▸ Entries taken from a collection
:::
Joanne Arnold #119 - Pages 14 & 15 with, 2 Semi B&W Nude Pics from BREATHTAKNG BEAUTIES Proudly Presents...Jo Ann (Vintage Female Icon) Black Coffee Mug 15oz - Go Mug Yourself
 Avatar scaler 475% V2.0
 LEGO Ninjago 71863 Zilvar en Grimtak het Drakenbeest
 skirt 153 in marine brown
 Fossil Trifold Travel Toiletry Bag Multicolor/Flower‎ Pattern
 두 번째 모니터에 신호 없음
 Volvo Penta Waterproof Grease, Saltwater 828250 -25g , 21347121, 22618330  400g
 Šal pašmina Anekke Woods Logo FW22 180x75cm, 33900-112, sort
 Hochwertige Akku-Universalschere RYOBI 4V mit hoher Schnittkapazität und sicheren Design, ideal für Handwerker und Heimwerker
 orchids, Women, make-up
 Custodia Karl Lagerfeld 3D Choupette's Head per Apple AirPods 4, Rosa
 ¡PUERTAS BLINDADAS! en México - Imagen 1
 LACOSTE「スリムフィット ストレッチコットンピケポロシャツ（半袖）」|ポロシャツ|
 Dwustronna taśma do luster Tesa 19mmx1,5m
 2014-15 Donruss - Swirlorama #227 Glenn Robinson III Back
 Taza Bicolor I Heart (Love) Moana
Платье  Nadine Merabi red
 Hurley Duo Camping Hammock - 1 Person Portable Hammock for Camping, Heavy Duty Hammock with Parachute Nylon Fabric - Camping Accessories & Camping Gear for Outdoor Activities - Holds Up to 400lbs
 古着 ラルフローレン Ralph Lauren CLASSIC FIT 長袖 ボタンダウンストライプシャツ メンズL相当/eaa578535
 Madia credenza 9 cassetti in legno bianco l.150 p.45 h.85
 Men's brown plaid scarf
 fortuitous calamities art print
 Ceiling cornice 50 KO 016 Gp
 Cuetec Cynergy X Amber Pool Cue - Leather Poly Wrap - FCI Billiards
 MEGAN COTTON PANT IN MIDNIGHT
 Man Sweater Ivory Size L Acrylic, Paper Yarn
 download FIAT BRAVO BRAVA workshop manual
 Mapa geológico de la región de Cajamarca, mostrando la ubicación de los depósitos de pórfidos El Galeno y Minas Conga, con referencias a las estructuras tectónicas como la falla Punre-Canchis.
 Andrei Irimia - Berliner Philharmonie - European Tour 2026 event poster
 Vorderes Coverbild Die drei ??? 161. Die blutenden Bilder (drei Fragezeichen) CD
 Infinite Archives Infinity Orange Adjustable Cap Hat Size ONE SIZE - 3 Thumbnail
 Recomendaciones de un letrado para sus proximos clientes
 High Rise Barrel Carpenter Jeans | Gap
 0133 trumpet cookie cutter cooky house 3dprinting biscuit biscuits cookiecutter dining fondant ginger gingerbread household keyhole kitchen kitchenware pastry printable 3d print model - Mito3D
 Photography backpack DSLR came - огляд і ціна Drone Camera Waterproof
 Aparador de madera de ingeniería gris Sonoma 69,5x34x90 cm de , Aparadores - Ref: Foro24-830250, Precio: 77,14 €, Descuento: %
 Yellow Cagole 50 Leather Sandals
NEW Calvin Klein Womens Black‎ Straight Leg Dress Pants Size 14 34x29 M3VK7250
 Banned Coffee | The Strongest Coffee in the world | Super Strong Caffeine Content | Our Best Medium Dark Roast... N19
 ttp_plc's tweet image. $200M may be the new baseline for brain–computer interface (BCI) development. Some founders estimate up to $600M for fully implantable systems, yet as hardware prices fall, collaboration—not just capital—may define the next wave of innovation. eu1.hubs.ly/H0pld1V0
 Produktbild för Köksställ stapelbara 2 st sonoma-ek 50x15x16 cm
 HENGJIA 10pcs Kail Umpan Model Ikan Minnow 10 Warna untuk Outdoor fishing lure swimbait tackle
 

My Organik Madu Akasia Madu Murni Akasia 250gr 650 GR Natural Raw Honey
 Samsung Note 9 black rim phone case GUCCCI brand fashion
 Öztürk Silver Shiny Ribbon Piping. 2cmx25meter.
:::
▸ EXERCISE BRIEF
Start with the line above that contains "download FIAT BRAVO BRAVA workshop manual" and end with the line that contains "Photography backpack DSLR". Write out those lines exactly, and only those.

▸ OUTPUT FOR THIS EXERCISE
 download FIAT BRAVO BRAVA workshop manual
 Mapa geológico de la región de Cajamarca, mostrando la ubicación de los depósitos de pórfidos El Galeno y Minas Conga, con referencias a las estructuras tectónicas como la falla Punre-Canchis.
 Andrei Irimia - Berliner Philharmonie - European Tour 2026 event poster
 Vorderes Coverbild Die drei ??? 161. Die blutenden Bilder (drei Fragezeichen) CD
 Infinite Archives Infinity Orange Adjustable Cap Hat Size ONE SIZE - 3 Thumbnail
 Recomendaciones de un letrado para sus proximos clientes
 High Rise Barrel Carpenter Jeans | Gap
 0133 trumpet cookie cutter cooky house 3dprinting biscuit biscuits cookiecutter dining fondant ginger gingerbread household keyhole kitchen kitchenware pastry printable 3d print model - Mito3D
 Photography backpack DSLR came - огляд і ціна Drone Camera Waterproof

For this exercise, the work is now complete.